À voir : Valentina, un cœur gros comme ça au Théâtre de la Ville
« Il faut voir avec le cœur, l’essentiel est invisible pour les yeux ». Caroline Guiela Nguyen doit connaître cette phrase du Petit Prince d’Antoine de Saint-Exupéry. Diseuse d’aventures extraordinaires, dans Valentina, la directrice du Théâtre national de Strasbourg relate l’histoire d’une fillette de 9 ans et de ses parents en remontant à la légende d’un « cœur martyr » qui a la particularité de ne pas périr. « Il était une fois, dans une forêt proche de Bucarest, une petite maison », et un ... miracle qui va nous transporter.
Valentina (lumineuse Angelina Iancu, en alternance avec Cara Parvu) vit insouciante et heureuse après de ses parents. Mais sa mère (Loredana Iancu) souffre de problèmes cardiaques et ne peut être soignée qu’en France. Elle quitte son mari et la Roumanie pour s’y installer, mais ne parlant pas la langue de Molière, elle peine à se faire comprendre du médecin qu’elle consulte (Chloé Catrin, aussi formidable en directrice d’école). D’autant que celle-ci est débordée et pressée. Pour sa part, Valentina se révèle douée pour apprendre le français. À tel point qu’elle saisit la notion de mensonge.
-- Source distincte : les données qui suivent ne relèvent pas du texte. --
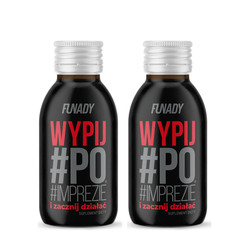 Zestaw: 2x FUNADY Wypij po Imprezie shot 100 ml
Une distribution partagée entre professionnels et amateurs
Après Lacrima, adepte du « théâtre du réel », Caroline Guiela Nguyen mêle de nouveau sujet réaliste et social avec fiction pour broder un cadenas à portée du jeune public – son spectacle est conseillé à partir de 12 ans — sans oublier les adultes. Dans une scénographie reconnaissable (Alice Duchange), s’appuyant sur un caméraman qui filme les protagonistes en direct, l’auteure metteuse en scène parle d’un amour filial infini, de sacrifice ultime et de responsabilité, avec un cœur gros comme ça.
La maman accepte que Valentina soit son interprète. Consciente du pouvoir des mots, la gamine comprend vite que toute vérité n’est pas bonne à dire et enchaîne les pieux mensonges. Elle traduit ce qu’elle veut et embellit la réalité, ce qui donne des séquences pleines d’humour. La metteuse en scène indique qu’elle a songé à Nabokov qui considère que la poésie est née le jour où « un petit garçon de l’âge des cavernes a couru à travers l’herbe haute en criant “un loup, un loup” alors qu’il n’y avait pas de loup. »
Caroline Guiela Nguyen a étrenné ce spectacle au TNS dans le cadre d’un festival récent, Les Galas, qui défend un «bien commun», le « droit universel et inaliénable à créer» par tous. Celle qui est en outre la fondatrice du « Centre des récits » recueillis auprès des habitants de la région aborde le droit d’être soigné quelles que soient son origine et sa culture. Sa distribution, des acteurs professionnels et des amateurs issus de la communauté roumaine de Strasbourg (Alsace) emporte tous les suffrages. On craque ce soir-là pour la jeune Angelina Iancu. Adorable et bouleversante.
> > Valentina, au Théâtre de la Ville-Les Abbesses, jusqu’au 15 juin, puis en tournée, Théâtre national de Strasbourg, du 16 septembre au 3 octobre, Les Célestins, Théâtre de Lyon, du 8 au 12 octobre.... Valentina ou La Vérité, conte de Caroline Guiela Nguyen (Éditions Actes Sud-Papiers).